A derivative is the best linear approximation of a function. The Jacobian is what that linear approximation looks like as a matrix. The chain rule is matrix multiplication. Backprop is just multiplying these matrices in the cheap order.
For a smooth function $f : \mathbb{R}^n \to \mathbb{R}^m$, the derivative at a point $\mathbf{x}_0$ is the unique linear map $J : \mathbb{R}^n \to \mathbb{R}^m$ such that
$$f(\mathbf{x}_0 + \mathbf{h}) = f(\mathbf{x}_0) + J\mathbf{h} + o(\|\mathbf{h}\|).$$
"Best linear approximation": no other linear map gets the second term right to higher order. The little-$o$ tail vanishes faster than $\mathbf{h}$ as $\mathbf{h} \to 0$.
This definition is the right one to internalise. A derivative is not a number, a slope, or a partial derivative — it's a linear map. For scalar-to-scalar $f : \mathbb{R} \to \mathbb{R}$ that linear map is multiplication by a single number, and we call that number "the derivative". For vector-valued and vector-input functions the linear map is multi-dimensional and is encoded by a matrix.
Once you read derivatives as linear maps, the chain rule becomes composition of linear maps — matrix multiplication. Backprop becomes "multiply the matrices in a smart order". Vector-Jacobian products and Jacobian-vector products become "apply $J^\top$ to a vector" and "apply $J$ to a vector". All of autograd is a single piece of vocabulary applied consistently.
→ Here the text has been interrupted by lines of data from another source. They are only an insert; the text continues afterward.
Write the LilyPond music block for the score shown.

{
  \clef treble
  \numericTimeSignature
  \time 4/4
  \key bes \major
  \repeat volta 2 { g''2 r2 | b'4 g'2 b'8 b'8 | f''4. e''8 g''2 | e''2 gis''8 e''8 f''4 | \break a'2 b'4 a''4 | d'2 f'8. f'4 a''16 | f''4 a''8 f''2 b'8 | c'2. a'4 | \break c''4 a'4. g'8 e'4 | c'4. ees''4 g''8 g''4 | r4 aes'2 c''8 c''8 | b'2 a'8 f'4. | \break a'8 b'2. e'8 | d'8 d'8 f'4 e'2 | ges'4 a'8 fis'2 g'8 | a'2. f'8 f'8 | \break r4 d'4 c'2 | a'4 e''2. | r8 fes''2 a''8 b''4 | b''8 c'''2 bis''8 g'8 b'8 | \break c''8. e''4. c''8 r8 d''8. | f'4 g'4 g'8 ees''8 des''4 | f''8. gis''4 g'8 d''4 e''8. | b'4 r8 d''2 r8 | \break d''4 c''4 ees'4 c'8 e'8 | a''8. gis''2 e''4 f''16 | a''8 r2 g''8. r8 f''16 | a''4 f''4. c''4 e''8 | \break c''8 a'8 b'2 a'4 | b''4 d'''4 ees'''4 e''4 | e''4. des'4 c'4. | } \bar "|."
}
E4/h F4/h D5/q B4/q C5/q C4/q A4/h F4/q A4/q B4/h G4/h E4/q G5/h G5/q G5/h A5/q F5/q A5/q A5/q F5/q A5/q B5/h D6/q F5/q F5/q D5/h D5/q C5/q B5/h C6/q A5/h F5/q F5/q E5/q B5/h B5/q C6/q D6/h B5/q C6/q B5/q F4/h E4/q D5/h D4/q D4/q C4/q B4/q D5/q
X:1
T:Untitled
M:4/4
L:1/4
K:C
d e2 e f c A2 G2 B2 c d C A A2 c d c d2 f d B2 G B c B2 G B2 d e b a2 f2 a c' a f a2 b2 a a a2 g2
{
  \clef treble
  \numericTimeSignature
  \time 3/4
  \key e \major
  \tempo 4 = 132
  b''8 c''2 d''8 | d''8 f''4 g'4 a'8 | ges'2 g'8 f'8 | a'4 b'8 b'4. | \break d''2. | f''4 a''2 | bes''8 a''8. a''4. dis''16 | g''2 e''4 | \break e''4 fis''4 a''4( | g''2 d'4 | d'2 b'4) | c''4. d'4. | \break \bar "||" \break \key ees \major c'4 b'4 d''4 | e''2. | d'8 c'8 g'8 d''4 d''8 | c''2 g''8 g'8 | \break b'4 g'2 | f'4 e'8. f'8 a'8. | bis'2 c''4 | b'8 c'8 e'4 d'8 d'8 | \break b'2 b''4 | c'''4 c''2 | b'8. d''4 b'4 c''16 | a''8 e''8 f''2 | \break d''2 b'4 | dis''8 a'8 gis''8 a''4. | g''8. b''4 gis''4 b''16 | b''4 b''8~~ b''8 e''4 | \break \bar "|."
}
For $f : \mathbb{R}^n \to \mathbb{R}^m$ with components $f = (f_1, \ldots, f_m)$, the Jacobian at $\mathbf{x}$ is the $m \times n$ matrix of partial derivatives:
$$J_f(\mathbf{x}) = \begin{pmatrix} \partial f_1/\partial x_1 & \cdots & \partial f_1/\partial x_n \\ \vdots & \ddots & \vdots \\ \partial f_m/\partial x_1 & \cdots & \partial f_m/\partial x_n \end{pmatrix}.$$
Three special cases that recur:
For a loss $\mathcal{L}(\theta) : \mathbb{R}^P \to \mathbb{R}$ (the case ML cares about), $J_\mathcal{L} \in \mathbb{R}^{1 \times P}$. The gradient $\nabla\mathcal{L} = J_\mathcal{L}^\top \in \mathbb{R}^P$ is what your optimiser steps along. The convention "gradient = column vector, derivative = row vector" comes from this: the gradient is the transpose of the Jacobian, but only when the output is scalar.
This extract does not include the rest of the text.